Following a public outcry over the arrest of a Black Lives Matter protester in Ypsilanti, Michigan, the local City Council scheduled a hearing to discuss strategies for improving the Department’s relationship with minority residents. In preparation, the Council made what must have seemed like a perfectly routine request: it asked the Department to send over its policies on a range of issues, including forfeiture, racial profiling, officer training, and the use of force. But as councilmembers soon learned, getting basic information about police department policies and practices can at times be difficult—even for the elected officials charged with running the government.
In justifying its refusal to comply with the Council’s request, the Department explained that its policies are confidential, and that “the safety and efficiency of the police department” would be “severely compromised” were the policies made public. The City Attorney representing the police added—somewhat remarkably—that individual councilmembers could file Freedom of Information Act (FOIA) requests to access “unrestricted” police documents. In short: the Council had no right to review policies that the Department preferred to keep secret.
Unfortunately, requests for information about police department policies and practices too often are met with a no.
Earlier this year, the Sheriff’s Department in Dutchess County, New York, refused to comply with a federal subpoena to turn over its policy regarding “the types of reports” that officers must fill out whenever they use Tasers or stun guns. The reason? Because “the criminal element could take steps to circumvent these procedures.” The Department’s attorneys failed to explain how the criminal element could make use of this information.
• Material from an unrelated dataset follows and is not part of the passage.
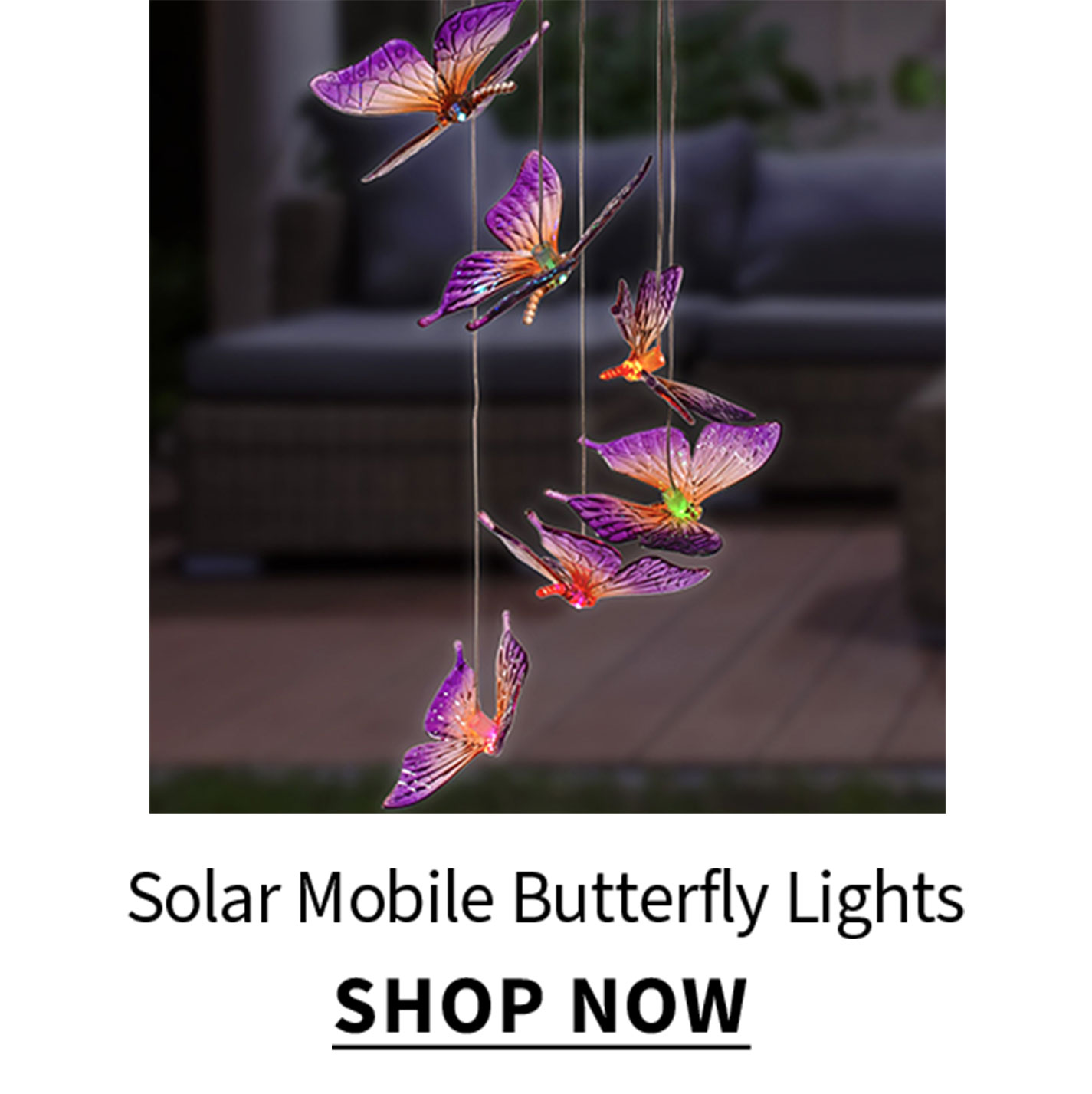 Solar Mobile Butterfly Lights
The fact that many departments post their Taser policies online casts serious doubt on the Sheriff’s Department’s blanket assertion of privilege.
And in 2014, the New York City Police Department twice denied a blogger’s FOIA request for the Department’s policy on handling FOIA petitions, claiming that the policy itself was exempt from disclosure because a Department attorney had participated in its drafting. (The NYPD later insisted there was no such policy, and then ultimately turned over the policy along with the rest of the department’s manual.)
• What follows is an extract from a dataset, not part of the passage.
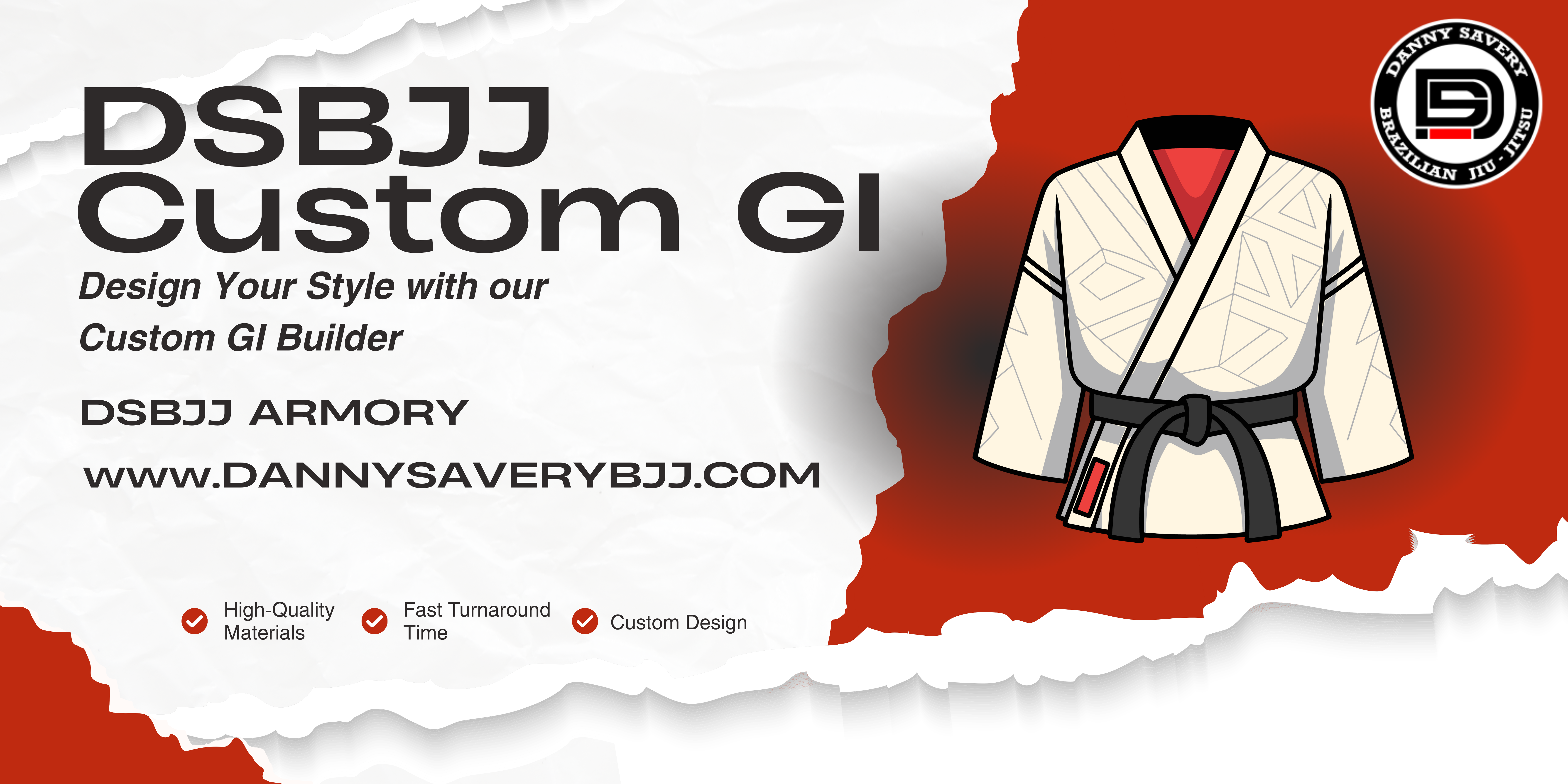 Build Your Own Custom DSBJJ Gi — Only at Danny Savery Brazilian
These incidents reflect a culture of secrecy surrounding policing that is fundamentally inconsistent with democratic accountability. As Ypsilanti councilmember Pete Murdoch explained, “If those policies are not forthcoming, city council cannot exercise its responsibility to oversee the operations of the city.”
To be clear, secrecy undoubtedly has a role to play in policing. Law enforcement is difficult, dangerous work, and police officials are right to be concerned with releasing information that would make it easier for criminals to evade detection or that would put police officers at risk. But the need for secrecy is not nearly as acute as some police officials claim.
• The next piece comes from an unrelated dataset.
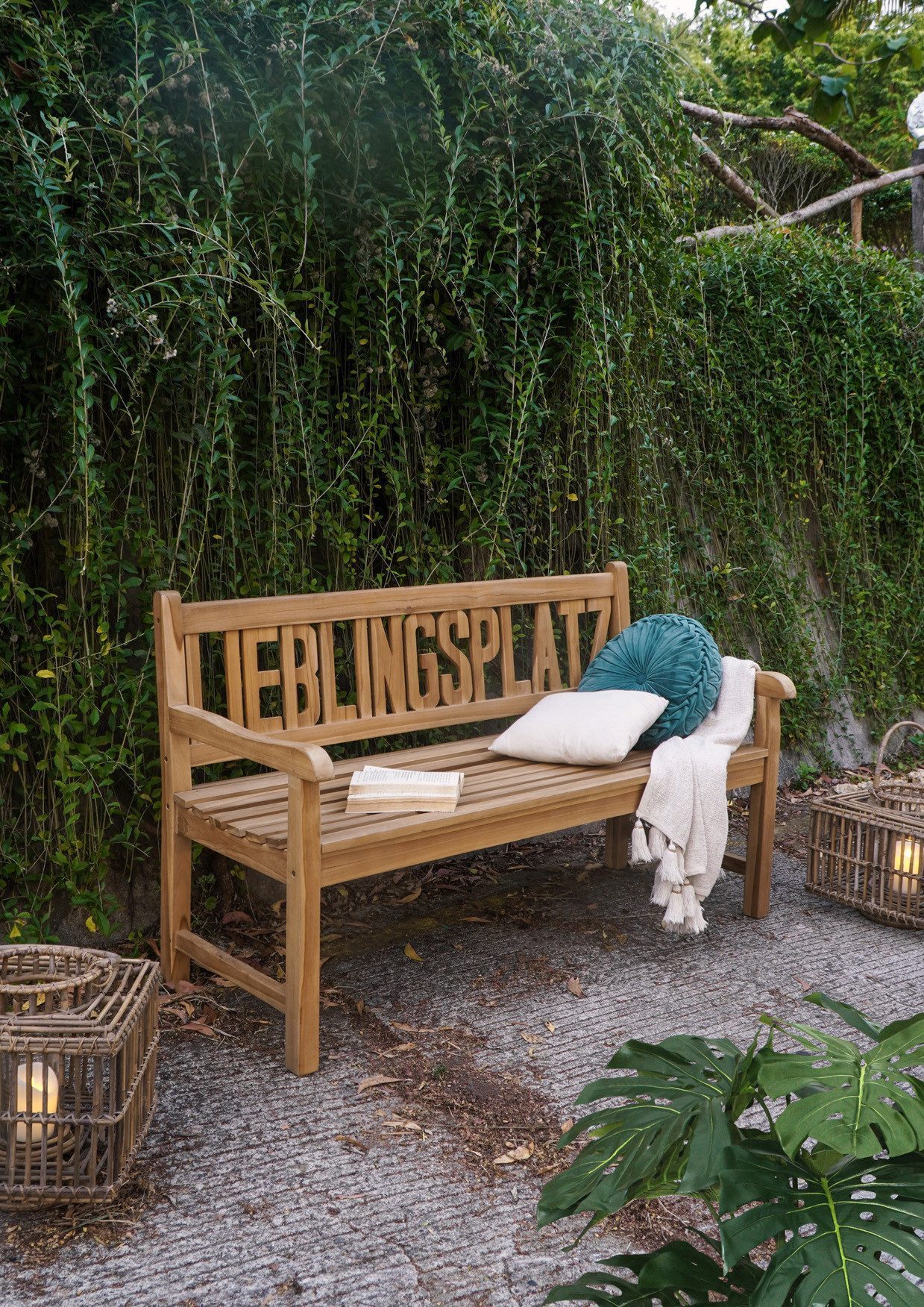 More2Home Gartenbank LIEBLINGSPLATZ, Teakholz, 150 cm günstig online kaufen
The key distinction is between operational details and governing law.
For example, we would not want a police department to broadcast its protocols regarding the optimal placement of listening devices or its techniques for recruiting confidential informants. Making this information public would indeed encourage circumvention and potentially put officers at risk. But the same cannot be said for a department’s policies on when the use of these techniques would be appropriate—for which crimes, based on what level of suspicion, and with whose approval. Nor is there a plausible argument for withholding a department’s policies regarding consent searches, public protests, or the use of force. All of these policies can be made public—and be publicly debated—without undermining law enforcement interests.
Indeed, what is encouraging is that a lot of police departments seem to agree. Enough, in fact, that it undermines claims by other departments that extensive secrecy is necessary. Departments in Austin, Los Angeles, Chicago, and the District of Columbia all have made their manuals easily accessible on their department websites, as have departments in smaller towns like Fullerton, California, and East Haven, Connecticut. The FBI likewise has made its manual available online, although redacted in part. When many departments make a certain policy public, with no evident ill effect, claims of secrecy become more doubtful.
Even the Ypsilanti Chief of Police ultimately softened his stance. At the next City Council meeting, the Chief explained that although he would not disclose the department’s “active shooter” protocols for fear of putting officers at risk, he would be willing to share with councilmembers the department’s use of force continuum, as well as its policies for handling demonstrations. This is a welcome first step. But departments can and should do more by making their policies freely available to the public, thereby inviting robust public debate over the form that such policies should take.